Does TablePass have a free plan?

No. As of July 2026, TablePass has no free tier: you either pay $18 per successful booking à la carte, or subscribe to a plan ($29/month Gold, $49/month Platinum, or TablePass Black from $499/month). You are only charged when it actually secures a table. DinnerElite has a free plan that lets you watch one restaurant and receive open-table alerts at no cost. Premium ($10/month or $100/year) adds an unlimited watchlist.

Does DinnerElite book the table for me like TablePass does?

On the Free and Premium plans, no. DinnerElite alerts you the moment a matching table opens on Resy or OpenTable and you complete the booking yourself, which usually takes under a minute. TablePass auto-books on your connected Resy or OpenTable account and texts you the confirmation. DinnerElite's Expert tier adds a concierge who books hard-to-get NYC tables for you.

Do TablePass and DinnerElite work outside New York City?

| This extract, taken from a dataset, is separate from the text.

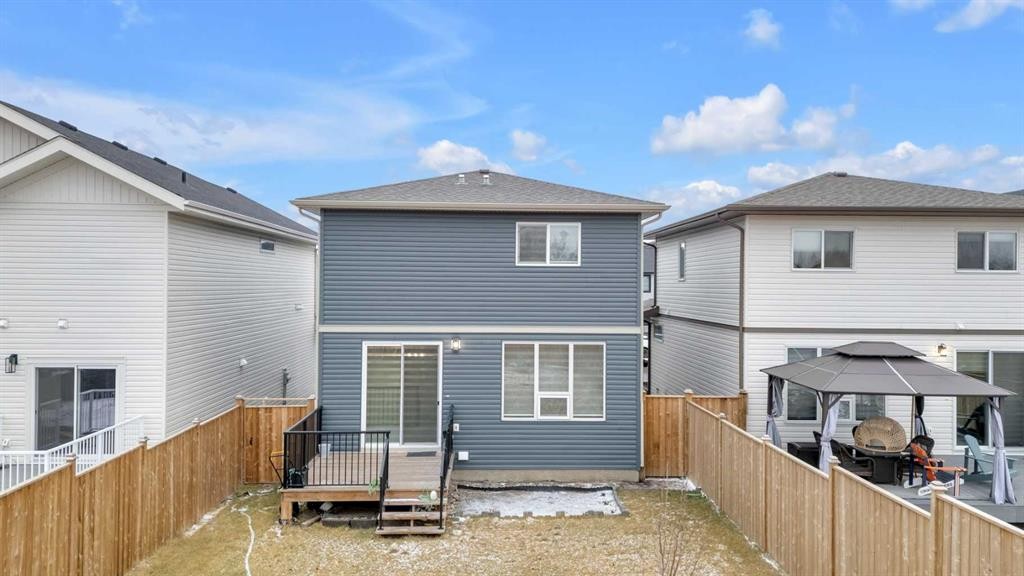 119 Crestview Boulevard, Sylvan Lake, AB - Outdoor With Deck Patio Veranda With Exterior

Both services are NYC-focused. As of July 2026, TablePass advertises coverage of 104+ top NYC restaurants and lists no other cities. DinnerElite tracks 224 NYC restaurants across Resy and OpenTable. If you need reservation help in other cities, neither is the right tool today.

What is the cheapest way to get alerts for Resy reservations?

Resy's built-in Notify feature is free, but every user watching that restaurant gets the same alert at once, so tables are often gone before you tap. DinnerElite's free plan monitors one restaurant continuously and emails you when a table opens, and Premium is $10/month (or $100/year) for unlimited restaurants, cheaper than a single $18 TablePass à la carte booking if you book more than once every two months.